**DATA SHOWN**
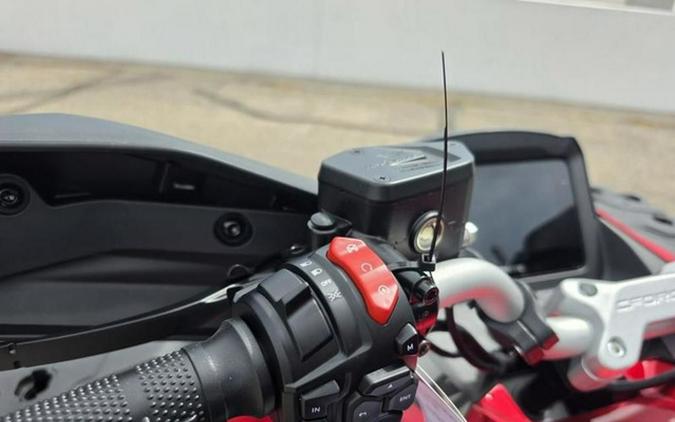 2027 CFMOTO CFORCE 1000 Touring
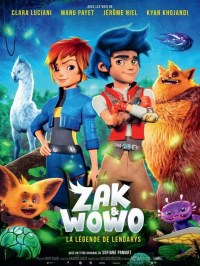 Zak y Wowo, la leyenda de los Lendarys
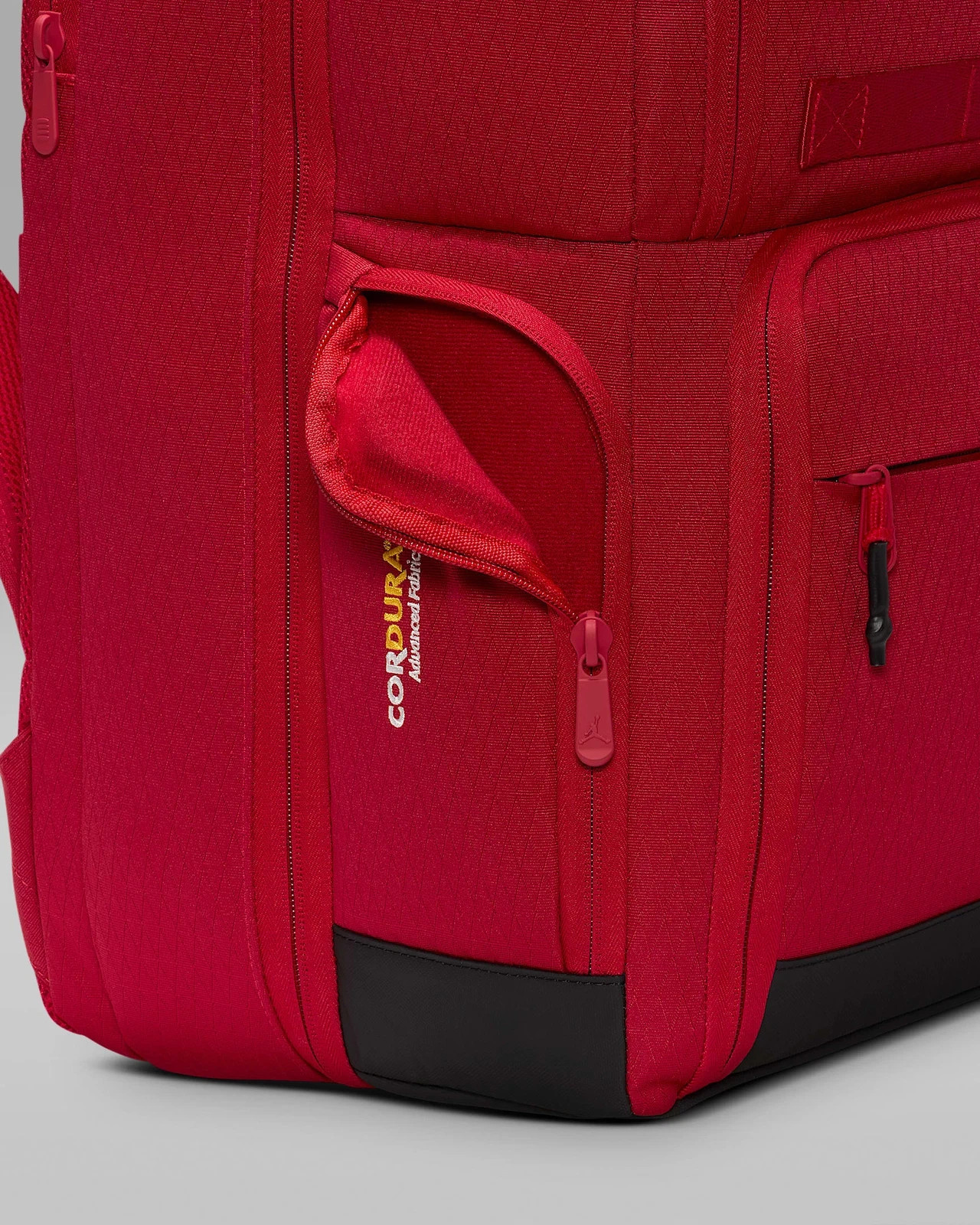 Nike Air Jordan Collector Backpack 31.5L Gym Red Cordura MA0944-R78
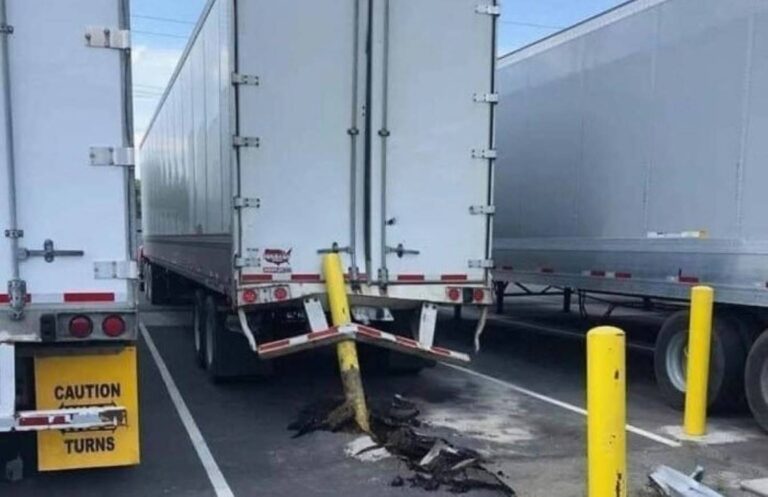 Tech provider launches software that allows facility managers to reduce trucks’ backing speed in lots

**REQUIRED ACTION**
Could you copy the lines above exactly and skip the images?

**THE COMPLETED TASK**
 2027 CFMOTO CFORCE 1000 Touring
 Zak y Wowo, la leyenda de los Lendarys
 Nike Air Jordan Collector Backpack 31.5L Gym Red Cordura MA0944-R78
 Tech provider launches software that allows facility managers to reduce trucks’ backing speed in lots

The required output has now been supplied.